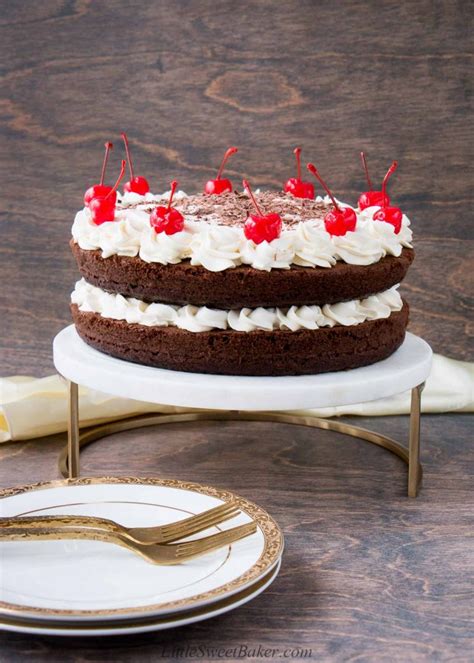 easy-black-forest-cake-little-sweet-baker image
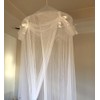 OctoRose ® Ribbon Bed Canopy Mosquito Net Bed, Dressing Room,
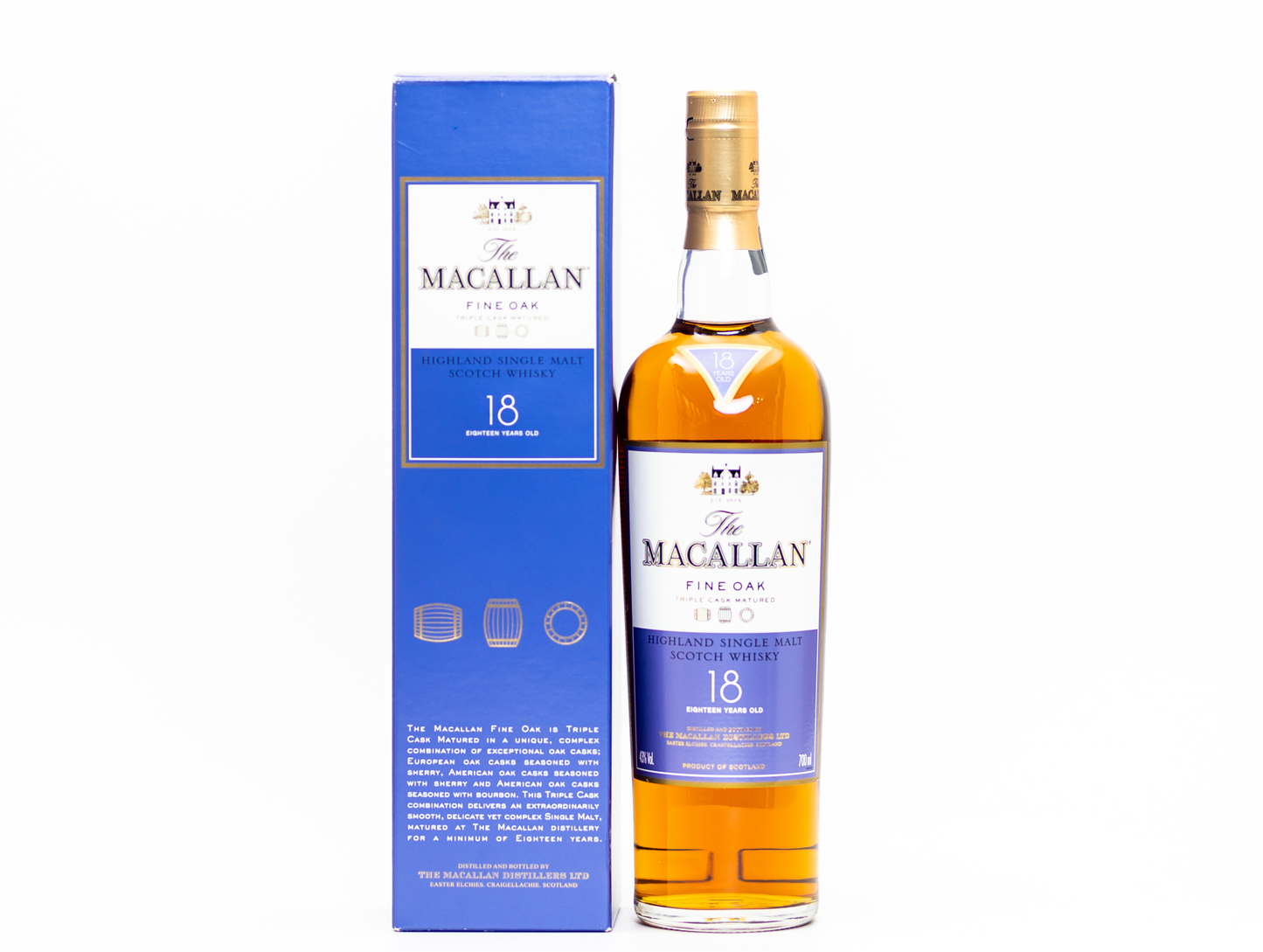 Macallan - 18 Year Old Fine Oak (Triple Cask Edition)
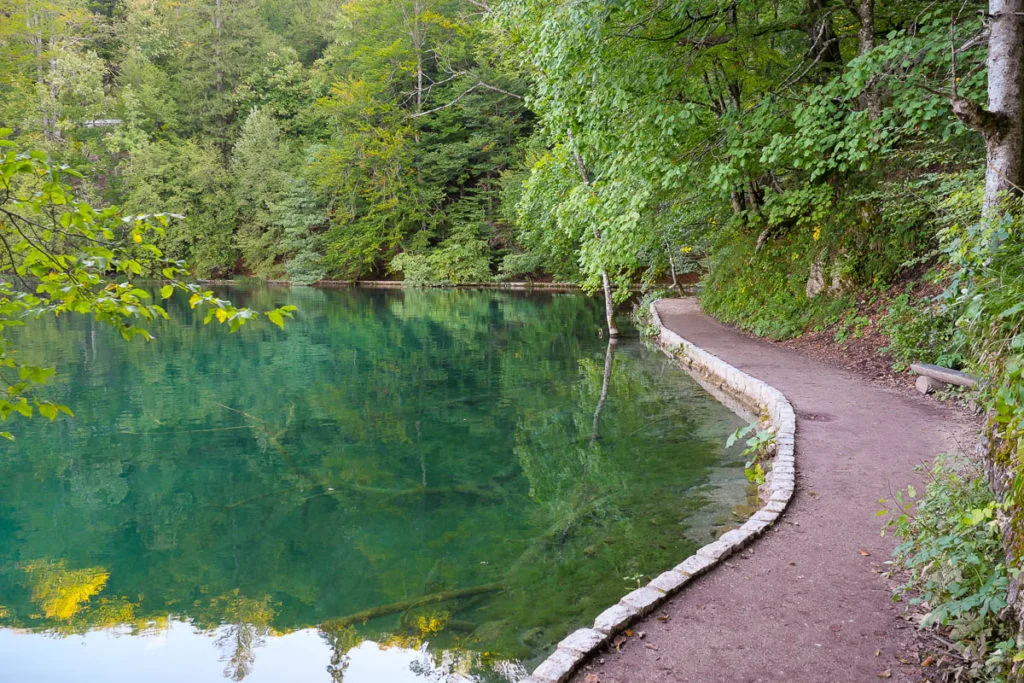 Visiter les lacs de plitvice en Croatie lacs supérieurs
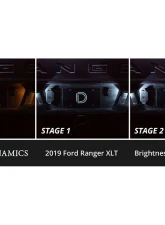 Diode Dynamics Cool White Stage 2 Interior LED Kit Ford Ranger 2019+                                     - DD0604 - Image 3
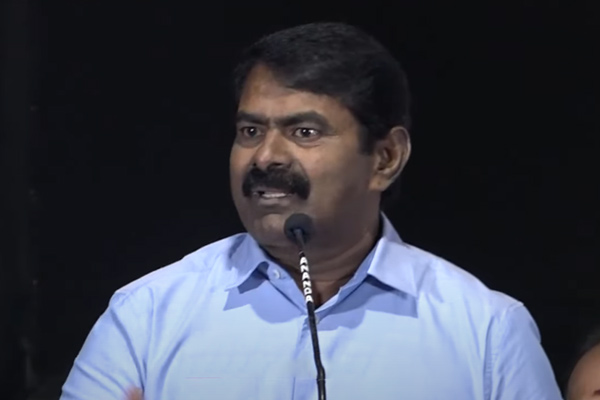 seeman speech in nandhan movie audio launch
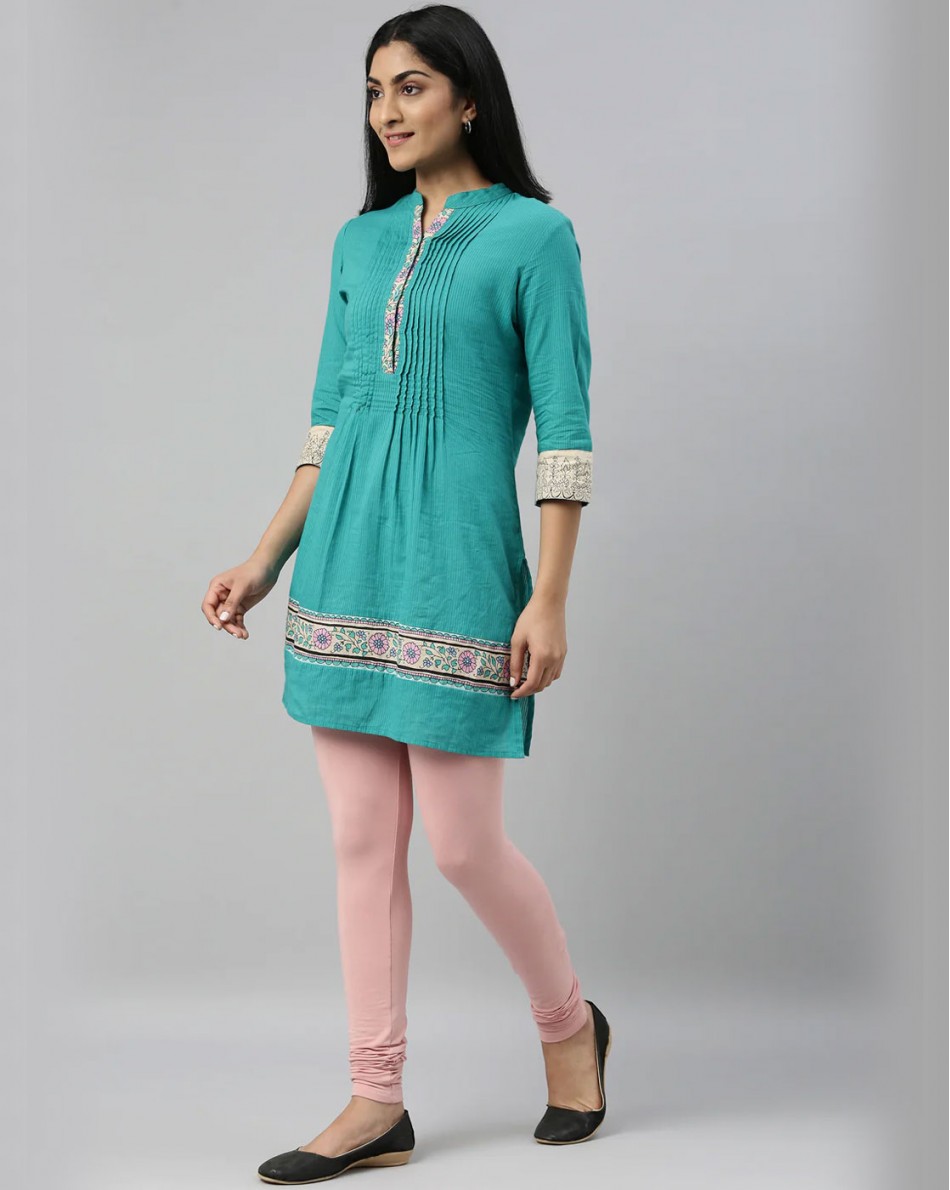 IRONA Baby Pink Churidar  Leggings 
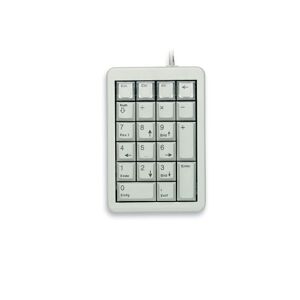 CHERRY G84-4700 numeriskt tangentbord Bärbar dator/PC USB Grå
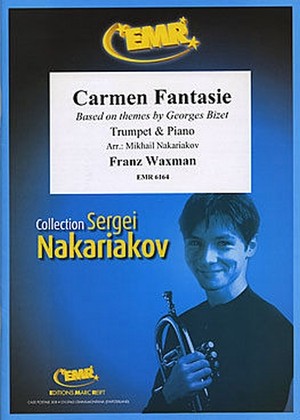 ワックスマン：カルメンファンタジー/トランペット・ピアノ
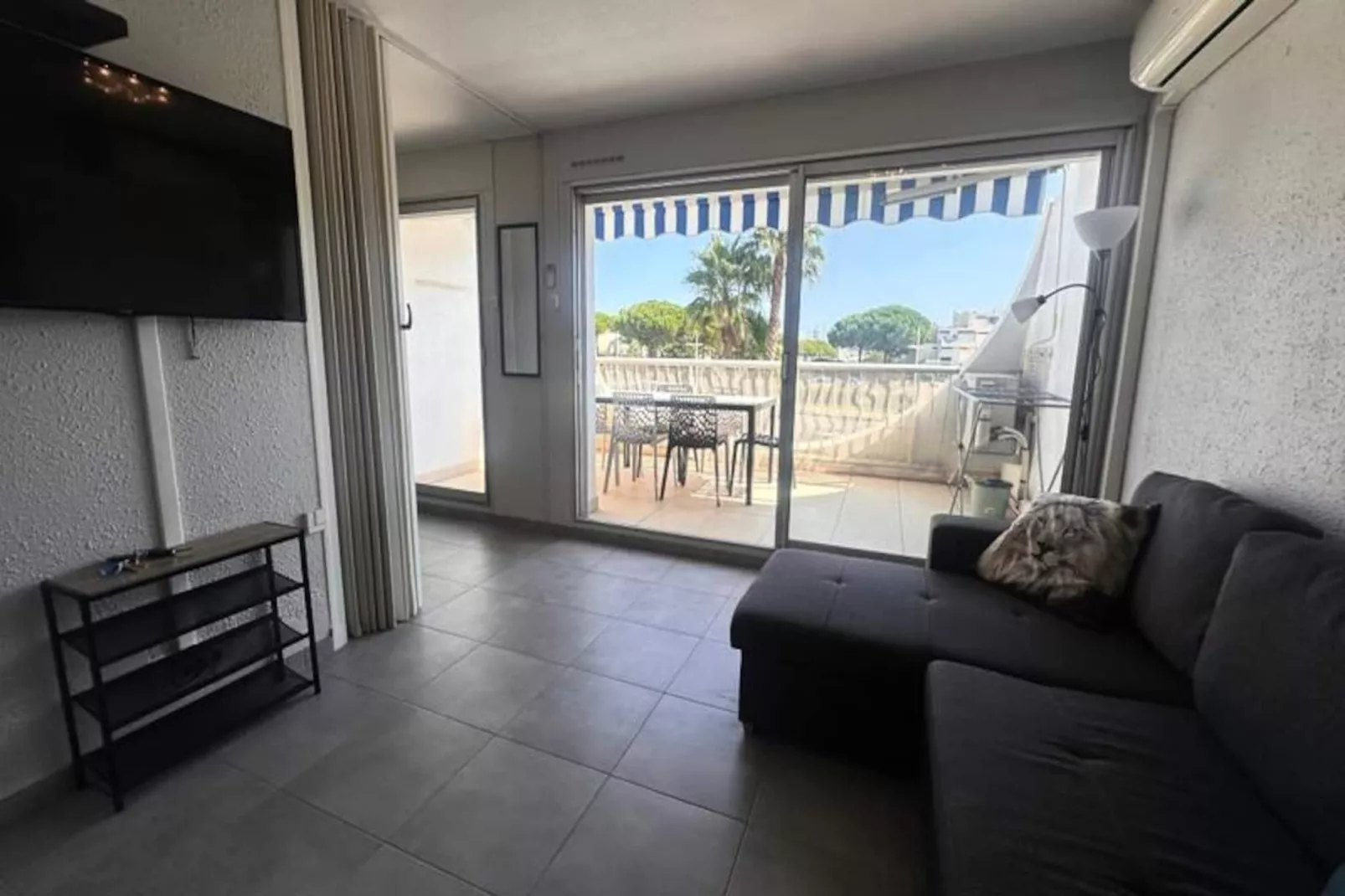 Résidence La Go&eacute;lette - Appartement Une Chambre Avec Terrasse Proche De La Mer-Niet-getagd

——————

[Task requirements]: Starting at the line with "Macallan - 18", write out every line exactly through the final line of the records above, both included, and skip the pictures.

[Your solution]:
 Macallan - 18 Year Old Fine Oak (Triple Cask Edition)
 Visiter les lacs de plitvice en Croatie lacs supérieurs
 Diode Dynamics Cool White Stage 2 Interior LED Kit Ford Ranger 2019+                                     - DD0604 - Image 3
 seeman speech in nandhan movie audio launch
 IRONA Baby Pink Churidar  Leggings 
 CHERRY G84-4700 numeriskt tangentbord Bärbar dator/PC USB Grå
 ワックスマン：カルメンファンタジー/トランペット・ピアノ
 Résidence La Go&eacute;lette - Appartement Une Chambre Avec Terrasse Proche De La Mer-Niet-getagd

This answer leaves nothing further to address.